The 2012 Philippine Peace Cup was the inaugural edition of the tournament, four-nation international football competition organized by the Philippine Football Federation (PFF).  It was originally slated for October 12–16 but the PFF moved it to September 25–29 to give way to the participation of local side Loyola Meralco Sparks in the 2012 Singapore Cup.
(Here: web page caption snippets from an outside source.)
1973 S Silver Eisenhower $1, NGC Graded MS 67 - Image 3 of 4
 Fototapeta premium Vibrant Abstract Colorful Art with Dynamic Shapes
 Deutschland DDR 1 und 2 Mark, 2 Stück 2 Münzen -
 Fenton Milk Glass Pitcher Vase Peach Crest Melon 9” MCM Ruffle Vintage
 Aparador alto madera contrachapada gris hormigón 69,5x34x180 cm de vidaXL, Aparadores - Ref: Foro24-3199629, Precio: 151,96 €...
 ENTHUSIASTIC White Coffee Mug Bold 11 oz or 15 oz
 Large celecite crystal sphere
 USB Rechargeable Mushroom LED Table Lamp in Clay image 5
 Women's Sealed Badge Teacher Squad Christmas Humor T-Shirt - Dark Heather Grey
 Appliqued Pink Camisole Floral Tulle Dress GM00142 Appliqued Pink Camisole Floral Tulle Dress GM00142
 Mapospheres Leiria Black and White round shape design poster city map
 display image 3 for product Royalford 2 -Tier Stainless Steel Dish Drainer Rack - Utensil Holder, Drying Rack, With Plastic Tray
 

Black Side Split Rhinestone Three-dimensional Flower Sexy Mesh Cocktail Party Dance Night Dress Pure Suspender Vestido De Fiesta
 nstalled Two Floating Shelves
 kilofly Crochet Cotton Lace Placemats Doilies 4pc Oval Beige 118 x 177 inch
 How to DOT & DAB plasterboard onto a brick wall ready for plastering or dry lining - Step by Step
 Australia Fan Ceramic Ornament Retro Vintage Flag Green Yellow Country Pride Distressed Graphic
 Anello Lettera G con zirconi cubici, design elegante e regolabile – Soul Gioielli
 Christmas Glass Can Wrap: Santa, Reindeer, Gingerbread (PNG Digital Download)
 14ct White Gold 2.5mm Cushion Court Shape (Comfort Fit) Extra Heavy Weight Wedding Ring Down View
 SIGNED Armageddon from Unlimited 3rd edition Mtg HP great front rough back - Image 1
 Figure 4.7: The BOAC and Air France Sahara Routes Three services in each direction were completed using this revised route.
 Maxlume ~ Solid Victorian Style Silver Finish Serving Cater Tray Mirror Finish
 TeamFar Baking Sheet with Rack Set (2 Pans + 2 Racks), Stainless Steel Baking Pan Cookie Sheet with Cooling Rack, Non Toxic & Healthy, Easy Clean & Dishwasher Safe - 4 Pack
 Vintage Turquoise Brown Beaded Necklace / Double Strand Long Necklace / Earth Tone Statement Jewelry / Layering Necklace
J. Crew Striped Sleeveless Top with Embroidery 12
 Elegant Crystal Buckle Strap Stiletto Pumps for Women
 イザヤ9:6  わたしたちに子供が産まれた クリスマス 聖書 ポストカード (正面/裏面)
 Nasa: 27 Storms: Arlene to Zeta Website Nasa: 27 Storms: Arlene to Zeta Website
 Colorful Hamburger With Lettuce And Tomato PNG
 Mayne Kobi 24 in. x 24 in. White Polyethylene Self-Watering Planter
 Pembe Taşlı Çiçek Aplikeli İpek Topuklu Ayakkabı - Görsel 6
ABS-CBN covered the games on Studio 23.

The tournament was due to be the third annual Long Teng Cup, however, the organizers, the Chinese Taipei Football Association (CTFA), withdrew from staging the 2012 edition and requested the PFF to host it.  The PFF then renamed it as the Paulino Alcántara Cup, after Filipino–Spanish football legend who played for FC Barcelona.  It was again renamed to the Paulino Alcántara Peace Cup and eventually to the Philippine Peace Cup as the Philippine Sports Commission, which operates the Rizal Memorial Stadium where the tournament will be held, has a rule against events named after an individual.  The month of September is also peace month in the Philippines and the tournament saw involvement of the office of the presidential adviser on the country's peace process.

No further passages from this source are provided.